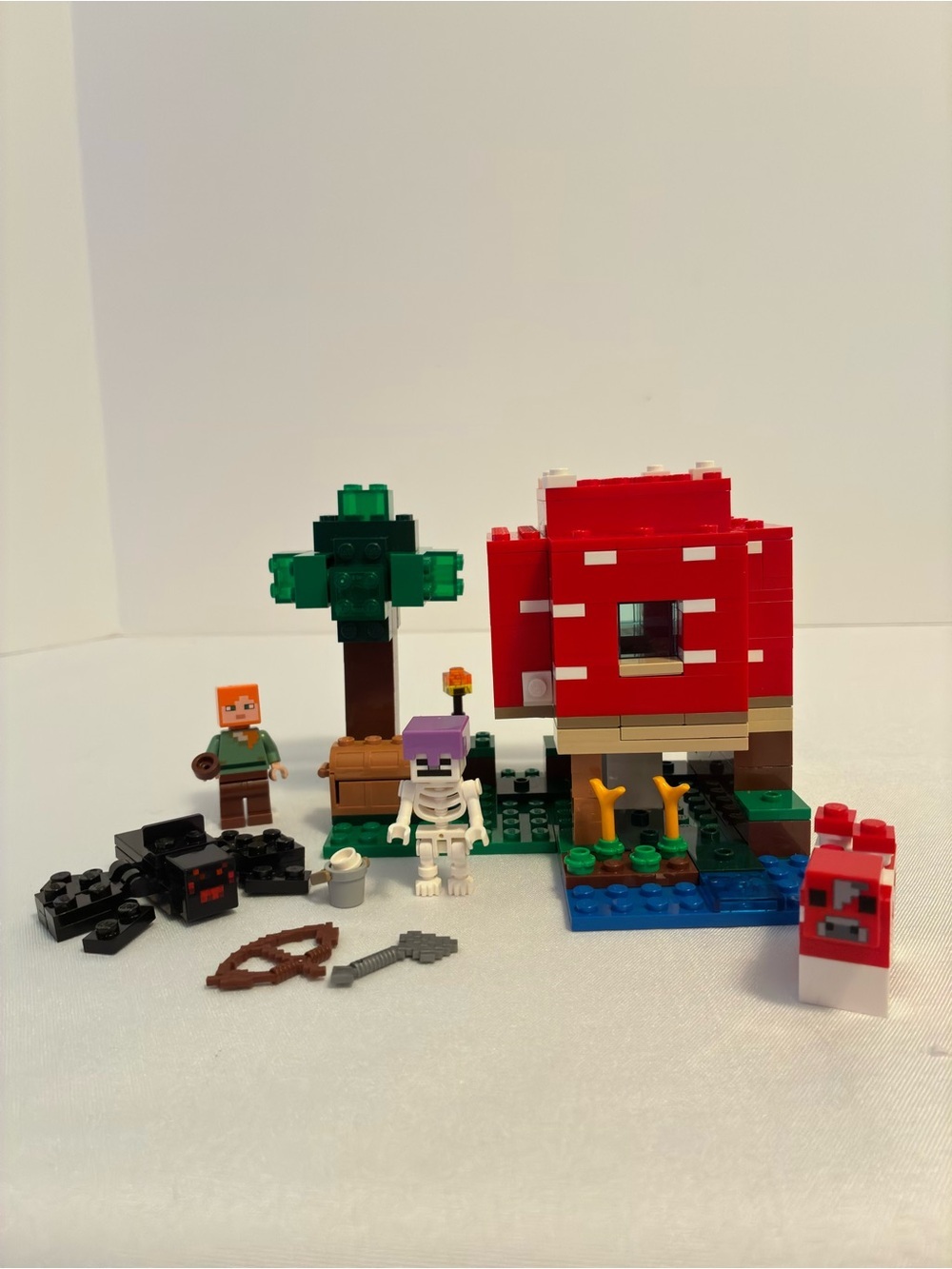 Lego Minecraft The Mushroom House #21179 Retired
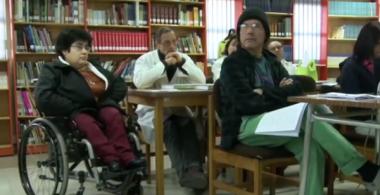 Apoderados y docentes en una clase para todos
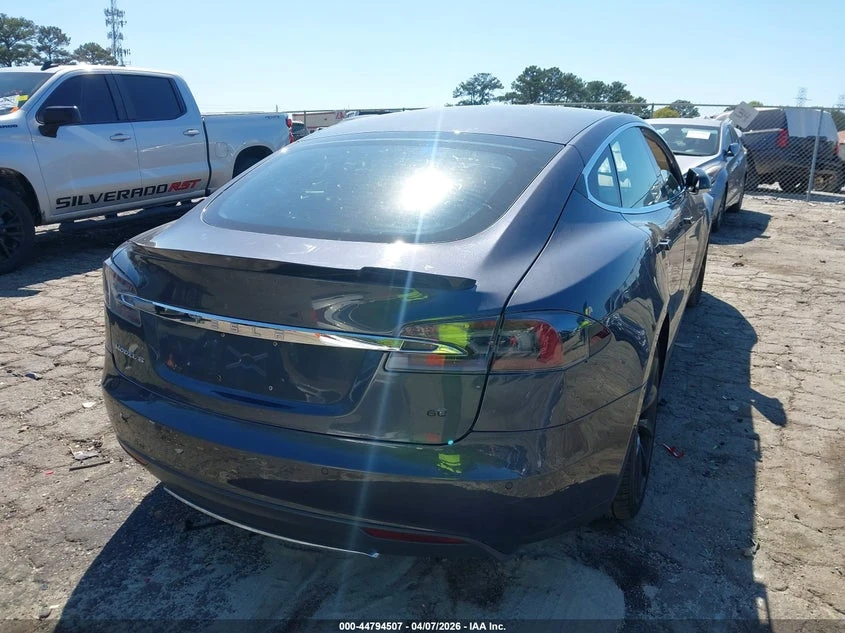 Tesla Model S, снимка 4 - Автомобили и джипове - 54403671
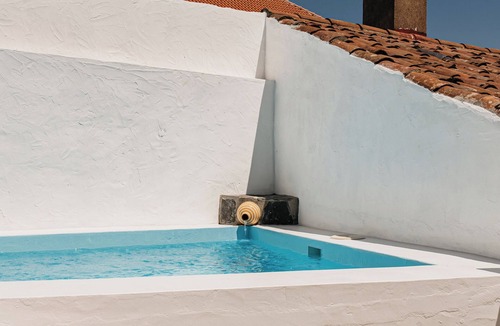 Reguengos de Monsaraz House | Relax with the family in the quiet of the Alentejo, overlooking the castle of Monsaraz.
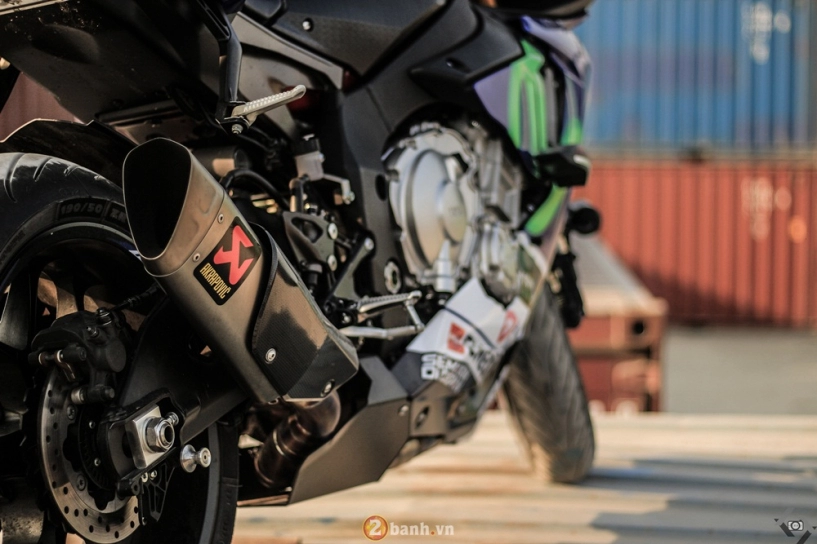 Yamaha r1 2015 phiên bản movistar đọ dáng cùng chân dài - 22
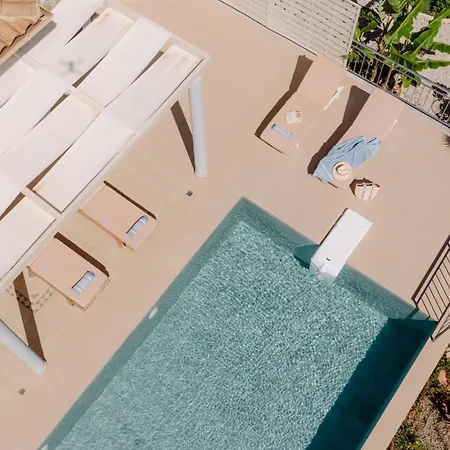 Guesto With Private Pool By Mindyourvilla * Anafonítria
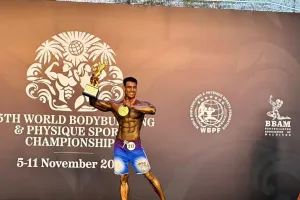 मालदीव में स्वर्ण पदक जीतकर भारत की शान बड़ाया असम के पवित्र नाथ ने।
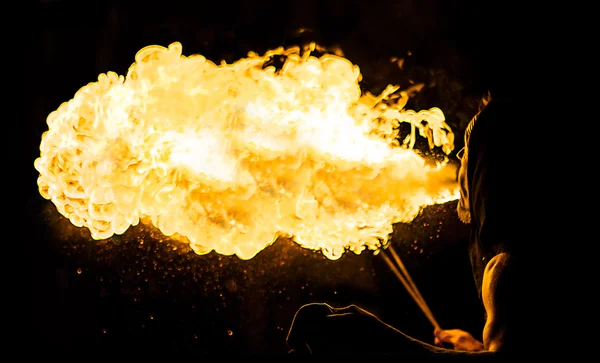 Fire eater from behind — Stock Photo, Image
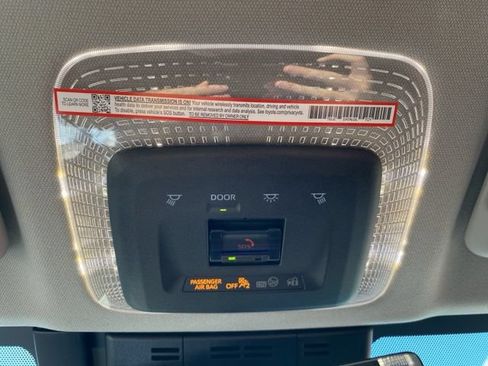 Used 2025 Toyota Prius Plug-In Hybrid FWD image 54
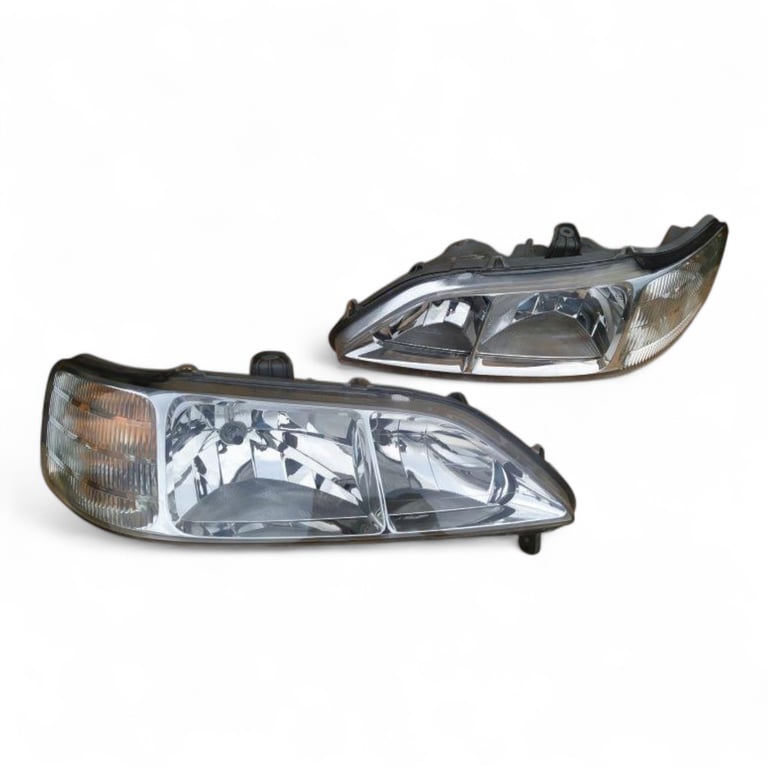 Frontscheinwerfer Honda Accord VI 1EB236036-01 Ein Stück (Rechts oder Links)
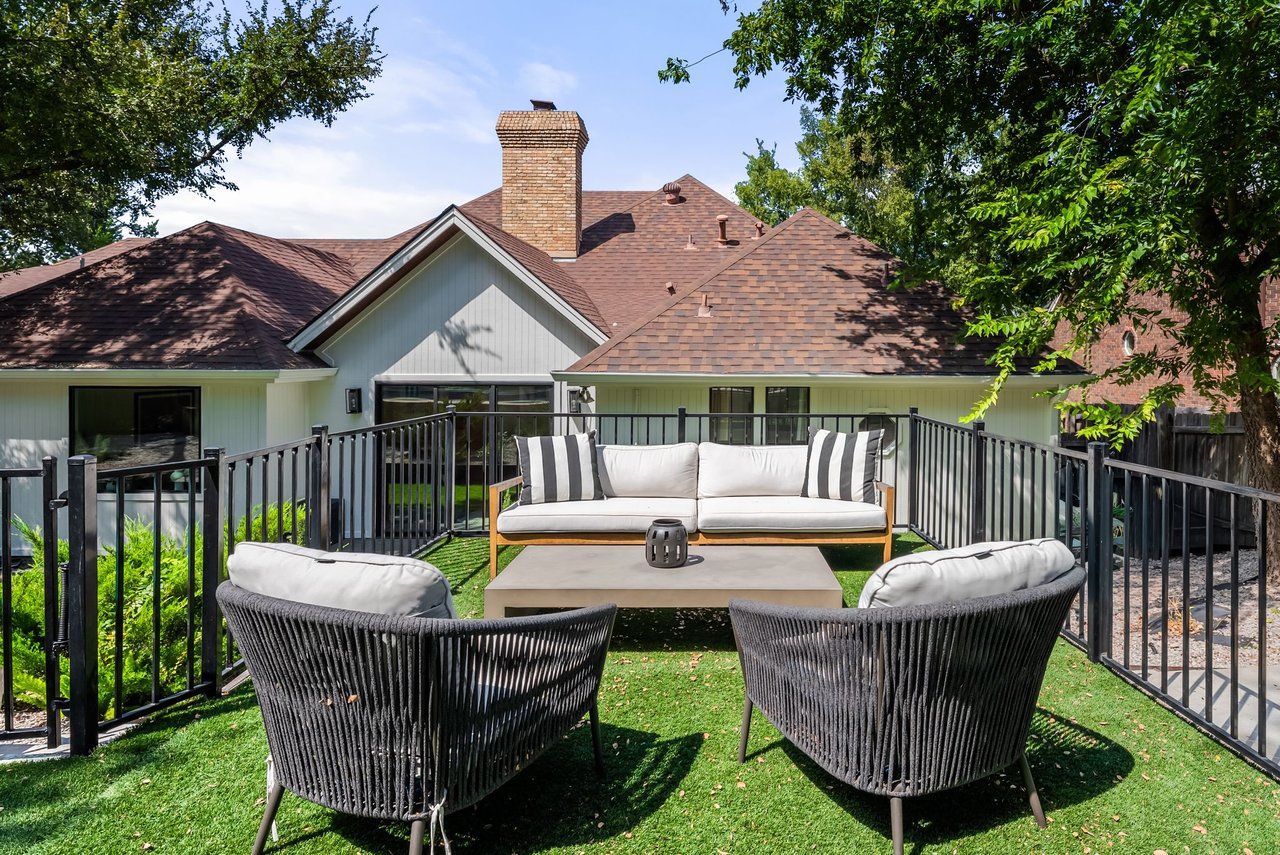 7302 Anaqua Dr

» Your assignment: Give back every record above word for word; the pictures have no place in it.

» Result of the task:
 Lego Minecraft The Mushroom House #21179 Retired
 Apoderados y docentes en una clase para todos
 Tesla Model S, снимка 4 - Автомобили и джипове - 54403671
 Reguengos de Monsaraz House | Relax with the family in the quiet of the Alentejo, overlooking the castle of Monsaraz.
 Yamaha r1 2015 phiên bản movistar đọ dáng cùng chân dài - 22
 Guesto With Private Pool By Mindyourvilla * Anafonítria
 मालदीव में स्वर्ण पदक जीतकर भारत की शान बड़ाया असम के पवित्र नाथ ने।
 Fire eater from behind — Stock Photo, Image
 Used 2025 Toyota Prius Plug-In Hybrid FWD image 54
 Frontscheinwerfer Honda Accord VI 1EB236036-01 Ein Stück (Rechts oder Links)
 7302 Anaqua Dr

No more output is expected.